Provided data:

[Start of Attachment]

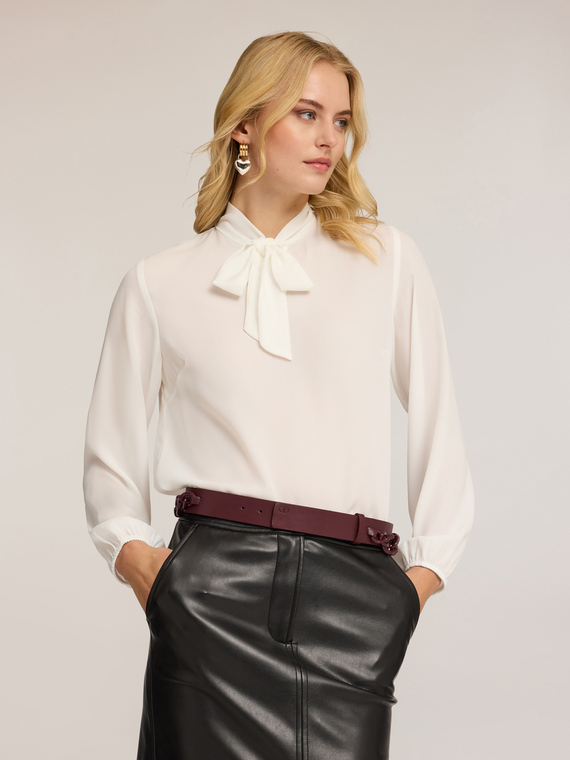 Bluse aus Georgette mit Schleife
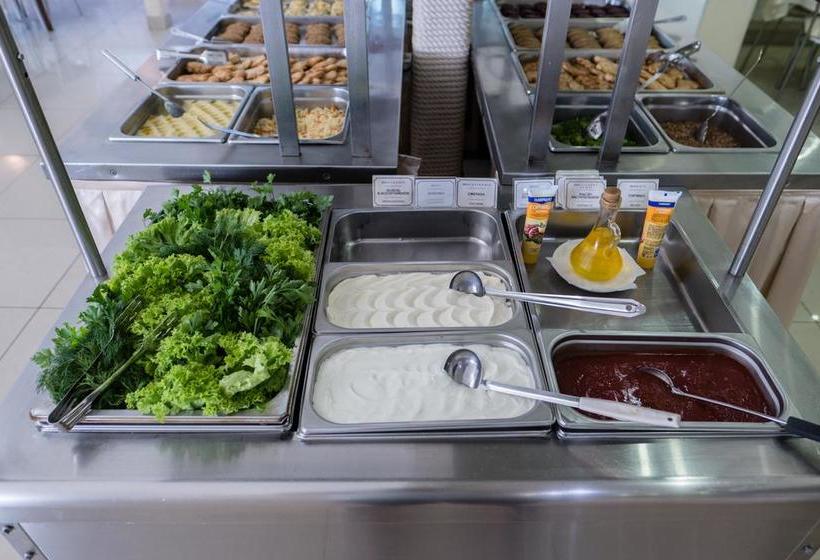 Hotel Health Resort Svetlana 12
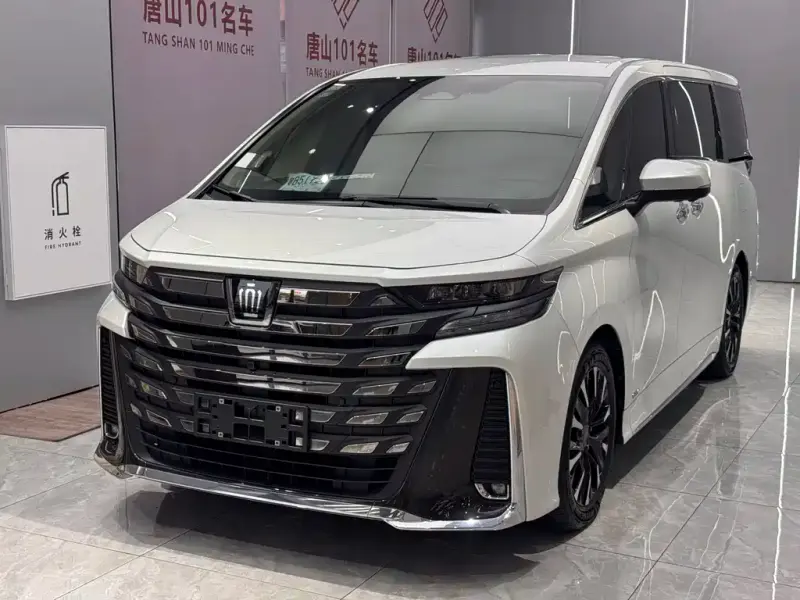 Toyota Vellfire, 2024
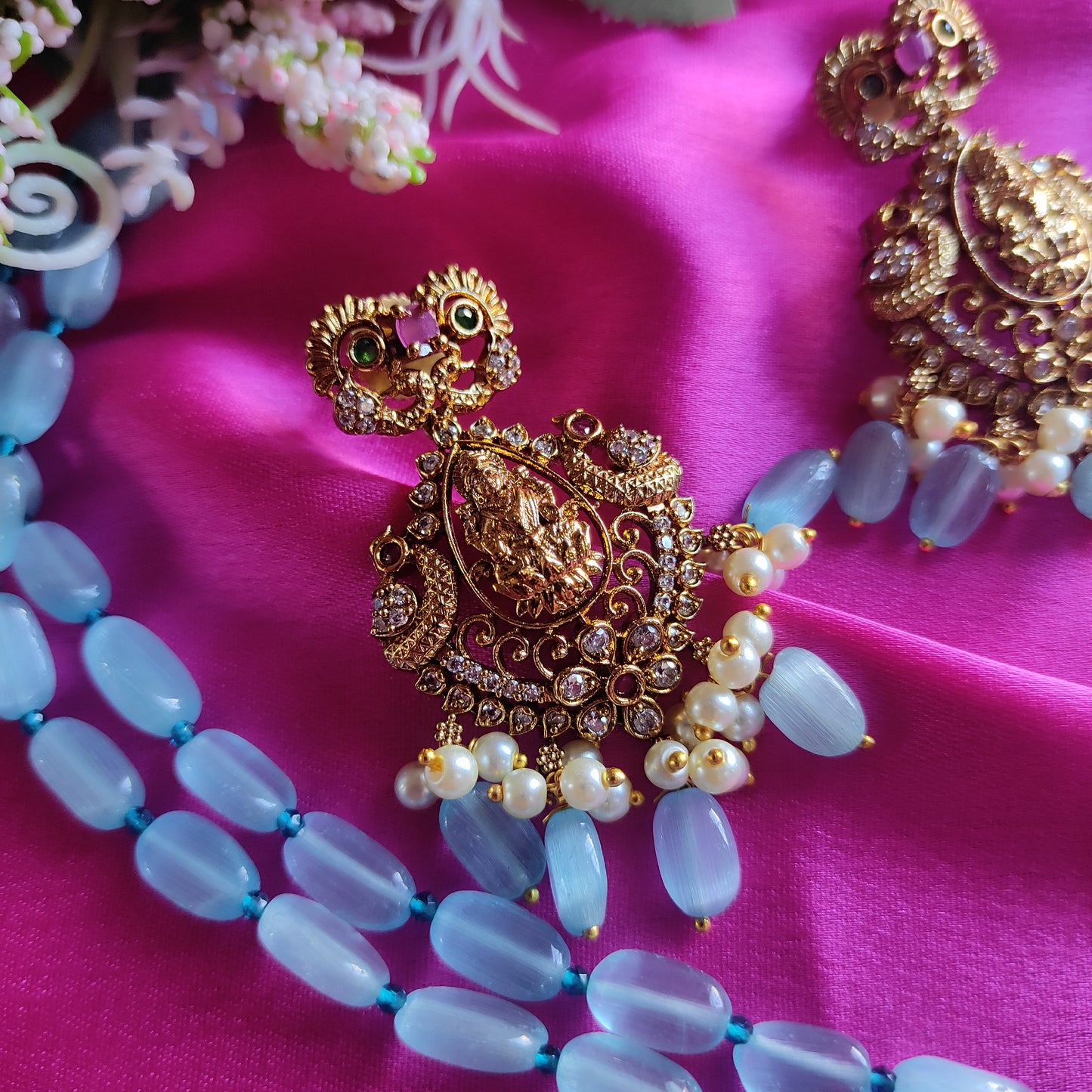 Goddess Lakshmi motif blue monalisa beaded Necklace Set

[End of Attachment]

How to complete this task:
Output the full material exactly as given, without its pictures.

Output for this task:
 Bluse aus Georgette mit Schleife
 Hotel Health Resort Svetlana 12
 Toyota Vellfire, 2024
 Goddess Lakshmi motif blue monalisa beaded Necklace Set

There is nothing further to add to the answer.